# Military Chaplains told to NOT pray in name of Jesus



## Richard King (Dec 21, 2005)

Can this be true?


http://www.washtimes.com/national/20051221-121224-6972r.htm


----------



## Bladestunner316 (Dec 21, 2005)

Are Christian President better step in and use his God given powers to end this satanic activety!!!


----------



## Puritan Sailor (Dec 21, 2005)

Don't get your feathers ruffled up just yet Nathan. There is another side to the story. I've only been off active duty a year now, and I never heard a Christian chaplain not say "in Jesus name." It's never been an issue in my experience. The laws are very specific protecting them. So I think there's something else going on here.


----------



## Bladestunner316 (Dec 21, 2005)

What then could it be?


----------



## Swampguy (Dec 21, 2005)

We have a Christian president?


----------



## mgeoffriau (Dec 21, 2005)

He has made numerous public professions. Do you have a reason to doubt his salvation?

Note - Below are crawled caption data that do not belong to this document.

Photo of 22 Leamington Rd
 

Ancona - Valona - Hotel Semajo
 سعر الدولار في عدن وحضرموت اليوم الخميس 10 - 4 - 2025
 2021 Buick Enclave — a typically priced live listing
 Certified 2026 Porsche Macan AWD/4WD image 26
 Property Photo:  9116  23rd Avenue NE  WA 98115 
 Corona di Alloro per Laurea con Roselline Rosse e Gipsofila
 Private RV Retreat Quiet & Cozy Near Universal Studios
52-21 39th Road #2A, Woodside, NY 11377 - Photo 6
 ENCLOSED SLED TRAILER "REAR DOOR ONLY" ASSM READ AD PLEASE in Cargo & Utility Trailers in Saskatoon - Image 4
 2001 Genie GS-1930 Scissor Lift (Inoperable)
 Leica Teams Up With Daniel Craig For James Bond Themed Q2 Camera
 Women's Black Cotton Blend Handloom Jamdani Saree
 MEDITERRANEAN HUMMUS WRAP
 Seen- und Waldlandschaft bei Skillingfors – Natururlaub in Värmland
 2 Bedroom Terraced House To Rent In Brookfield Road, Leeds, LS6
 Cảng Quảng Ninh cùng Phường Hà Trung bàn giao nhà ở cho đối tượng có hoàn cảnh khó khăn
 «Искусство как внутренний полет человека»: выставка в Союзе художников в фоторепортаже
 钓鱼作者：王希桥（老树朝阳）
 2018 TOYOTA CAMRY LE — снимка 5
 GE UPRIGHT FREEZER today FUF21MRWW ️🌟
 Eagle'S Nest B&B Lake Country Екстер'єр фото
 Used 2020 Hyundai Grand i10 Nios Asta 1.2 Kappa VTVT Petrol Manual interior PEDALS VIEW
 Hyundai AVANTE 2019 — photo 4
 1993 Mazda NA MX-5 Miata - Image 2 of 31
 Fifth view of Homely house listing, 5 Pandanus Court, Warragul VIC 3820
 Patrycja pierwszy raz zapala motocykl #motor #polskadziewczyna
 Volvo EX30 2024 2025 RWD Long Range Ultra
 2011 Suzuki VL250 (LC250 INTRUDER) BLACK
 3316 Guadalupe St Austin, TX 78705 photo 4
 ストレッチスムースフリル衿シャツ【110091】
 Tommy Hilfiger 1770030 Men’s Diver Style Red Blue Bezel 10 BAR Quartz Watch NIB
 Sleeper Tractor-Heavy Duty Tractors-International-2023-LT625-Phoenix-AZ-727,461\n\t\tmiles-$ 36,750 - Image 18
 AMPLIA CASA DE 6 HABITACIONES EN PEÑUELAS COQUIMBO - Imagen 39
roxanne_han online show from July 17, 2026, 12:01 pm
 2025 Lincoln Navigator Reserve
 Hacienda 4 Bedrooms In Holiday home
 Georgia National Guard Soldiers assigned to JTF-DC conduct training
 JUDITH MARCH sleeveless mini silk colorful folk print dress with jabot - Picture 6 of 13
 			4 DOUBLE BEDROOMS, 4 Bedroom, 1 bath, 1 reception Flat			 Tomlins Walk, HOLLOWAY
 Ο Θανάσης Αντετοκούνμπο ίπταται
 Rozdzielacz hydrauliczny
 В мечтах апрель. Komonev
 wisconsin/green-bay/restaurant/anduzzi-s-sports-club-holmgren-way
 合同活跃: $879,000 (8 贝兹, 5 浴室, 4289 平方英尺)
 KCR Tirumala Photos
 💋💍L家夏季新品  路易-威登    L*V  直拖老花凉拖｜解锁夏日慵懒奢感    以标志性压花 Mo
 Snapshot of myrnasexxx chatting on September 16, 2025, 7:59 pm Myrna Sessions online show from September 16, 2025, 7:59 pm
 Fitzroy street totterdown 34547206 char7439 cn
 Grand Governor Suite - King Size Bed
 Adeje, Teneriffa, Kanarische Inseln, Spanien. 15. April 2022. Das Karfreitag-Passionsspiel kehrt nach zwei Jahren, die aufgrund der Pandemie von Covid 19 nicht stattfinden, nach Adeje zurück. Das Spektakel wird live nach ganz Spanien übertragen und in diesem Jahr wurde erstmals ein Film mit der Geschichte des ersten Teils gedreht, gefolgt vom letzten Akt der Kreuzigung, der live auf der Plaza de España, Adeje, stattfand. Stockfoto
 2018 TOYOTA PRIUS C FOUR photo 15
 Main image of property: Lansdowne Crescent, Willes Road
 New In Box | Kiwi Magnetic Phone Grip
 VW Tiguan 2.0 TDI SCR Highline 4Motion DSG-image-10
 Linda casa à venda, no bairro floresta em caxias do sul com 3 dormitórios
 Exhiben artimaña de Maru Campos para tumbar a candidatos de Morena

I for one have doubts about his doctrine, but knowing that as a young man he generally led a wasteful and meaningless life (by his own admission) and has since been able to conquer those sins, I see no reason to call into question his profession of faith.


----------



## Puritan Sailor (Dec 21, 2005)

> _Originally posted by Bladestunner316_
> What then could it be?



I heard this chaplain and then a response from his fellow chaplain later on, both on the Sean Hannity show. The second chaplain, another Christian chaplain, said this guy was basicaly lying, though he used nicer words. I don't know what is going on in these ciorcumstances, but I would not be so quick to rush to any judgment on this without hearing all the facts. "Quick to listen, slow to speak, slow to wrath...."


----------



## Bladestunner316 (Dec 21, 2005)

my fault


----------